The New York Times claims that the development of the US surveillance state goes a long way back into US history. In 1862, after President Abraham Lincoln appointed him secretary of war, Edwin M. Stanton penned a letter to the president requesting sweeping powers.Central to these powers were getting total control of the telegraph lines.
The idea was that by routing those lines through his office, Stanton would keep tabs on vast amounts of communication, journalistic, governmental and personal. At the time the telegraph was the Internet of its day and while the traffic was lighter, the fact that it was rerouted through a centralised office is pretty much how Prism works.
On the back of Stanton’s letter Lincoln scribbled his approval: “The Secretary of War has my authority to exercise his discretion in the matter within mentioned.” Stanton’s next move was to arrest dozens of newspapermen arrested on questionable charges.

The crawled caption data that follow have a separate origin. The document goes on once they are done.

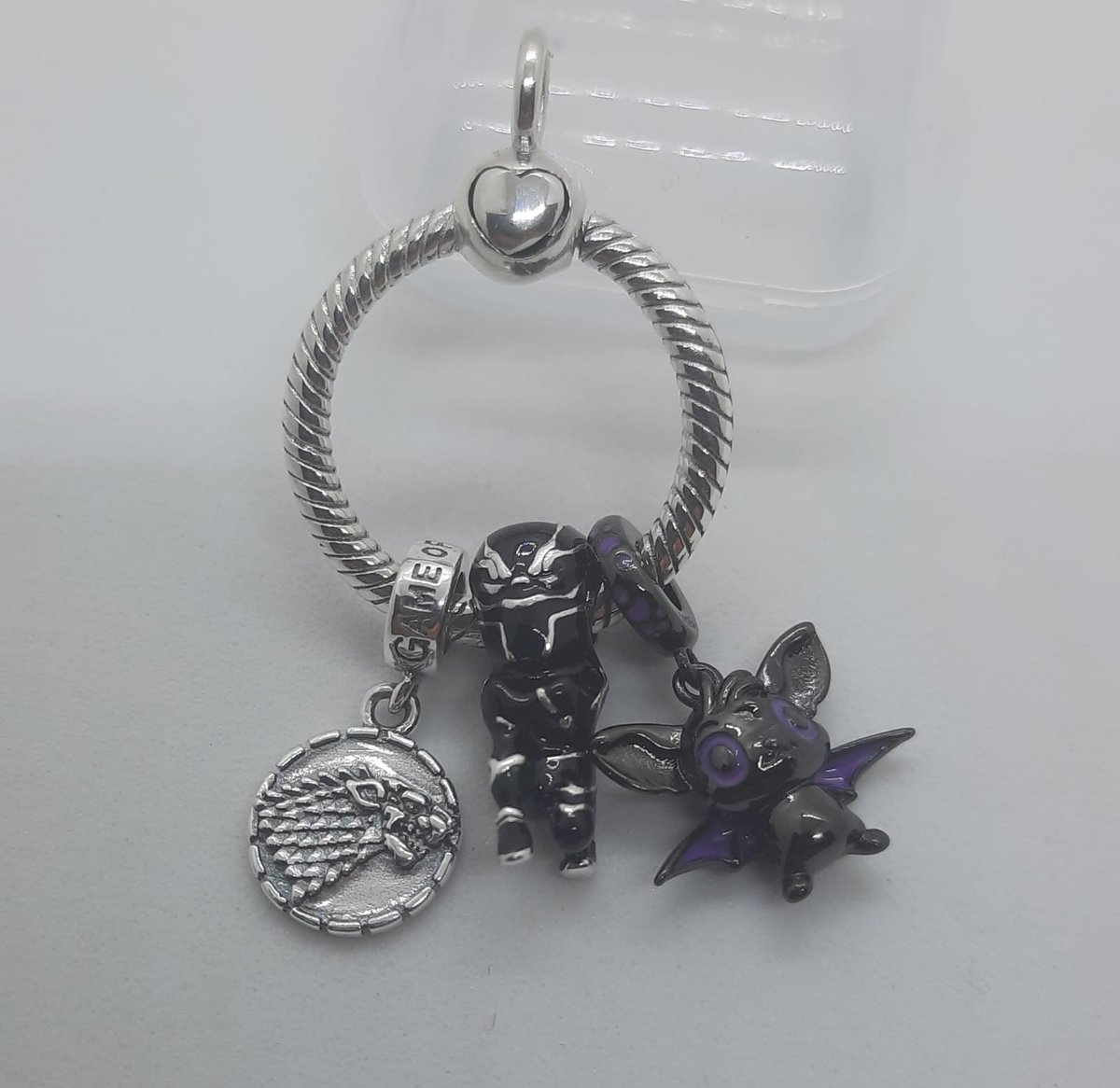 Colgante con charm de #JuegoDeTronos #CasaStark charm de #BlackPanther y un pequeño Belcebú.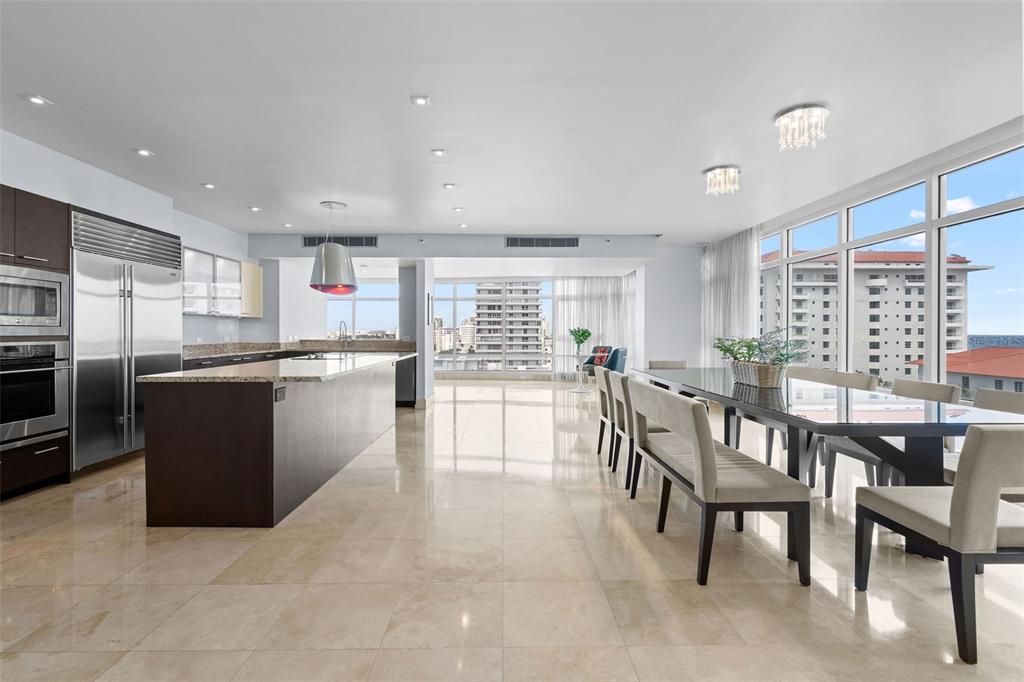 A modern kitchen and dining area with tile floors, stainless steel appliances, and large windows — 1052 ASHFORD AVENUE UNIT 9C, SAN JUAN, PR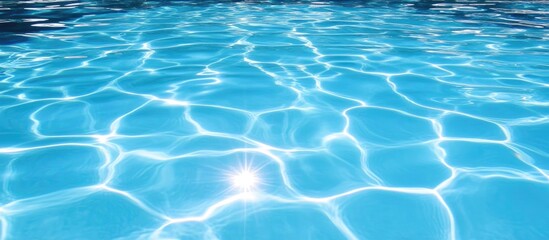 Obraz premium Glistening sunlight reflections dancing on tranquil blue ocean water surface creating a serene and captivating aquatic scene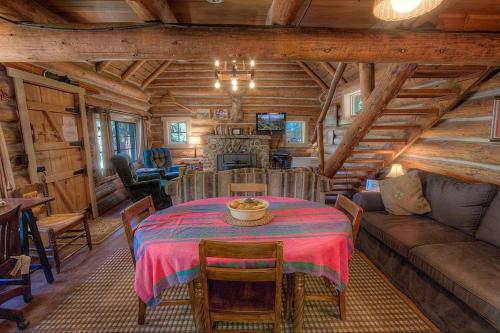 a dining room and living room in a log cabin at Zephyr Cabin home in Zephyr Cove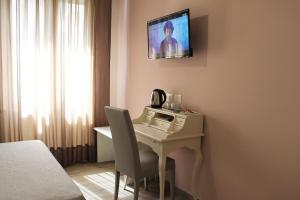 a room with a desk with a tv on the wall at L'Acchiappasogni Vesuviano Guest House in Portici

A reporter for The New York Herald, who had insisted that he be given news ahead of other reporters, was arrested as a spy.
Stanton’s office made his department the nexus of war information. He collected news from generals, telegraph operators and reporters. He used his power over the telegraphs to influence what journalists did or didn’t publish. It was not until 1862, the House Judiciary Committee looked at the question of “telegraphic censorship” and called for restraint.
But the sequence is pretty much history repeating itself. Use the justification of a war to centralise the information, spy on citizens, arrest the journalists or brand them traitors. The only down side is that a war on terror is always endless, whereas the civil war did eventually stop – well not in Alabama of course.